**DATA SHOWN**
────────────────────────────────────────
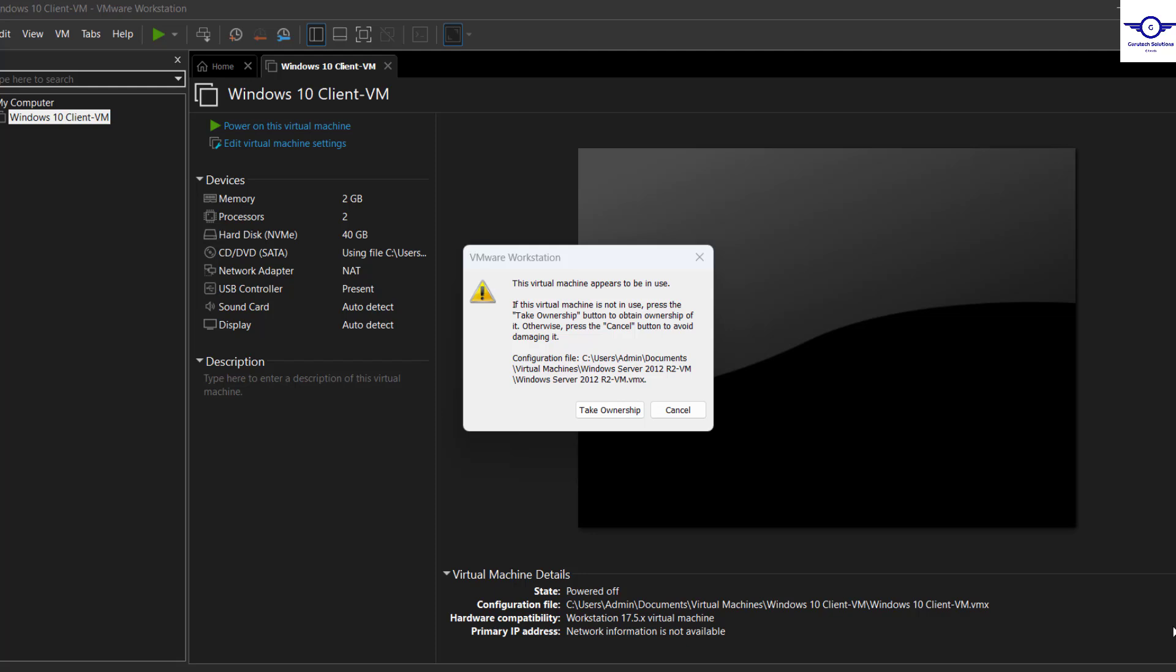Hi guys, welcome back to my channel. In this video I'm going to show you how to resolve this problem in case you encounter this issue in your virtualization environment. I'm going to guide you on how to take ownership of the virtual machine.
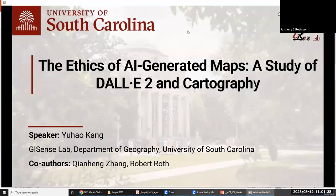We're going to go ahead and get started. It's 11, and we're going to stick to our schedule as tightly as we can. We have another session now of lightning talks. There's a lot of interest in ethics and mapping and AI, so we have quite a few really interesting presenters going through various aspects and facets of those topics.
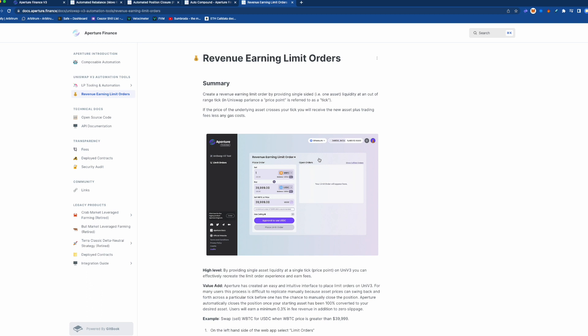...so you can set it a very very tight range of one tick at $1900 or $999 or whatever it is, $900, and if the price goes down to it it's going to basically, the pool will go into range for that one tick...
────────────────────────────────────────
**WORK TASK**
Print the material word for word; images are to be left out.

**SOLUTION TO THIS PROBLEM**
Hi guys, welcome back to my channel. In this video I'm going to show you how to resolve this problem in case you encounter this issue in your virtualization environment. I'm going to guide you on how to take ownership of the virtual machine.
We're going to go ahead and get started. It's 11, and we're going to stick to our schedule as tightly as we can. We have another session now of lightning talks. There's a lot of interest in ethics and mapping and AI, so we have quite a few really interesting presenters going through various aspects and facets of those topics.
...so you can set it a very very tight range of one tick at $1900 or $999 or whatever it is, $900, and if the price goes down to it it's going to basically, the pool will go into range for that one tick...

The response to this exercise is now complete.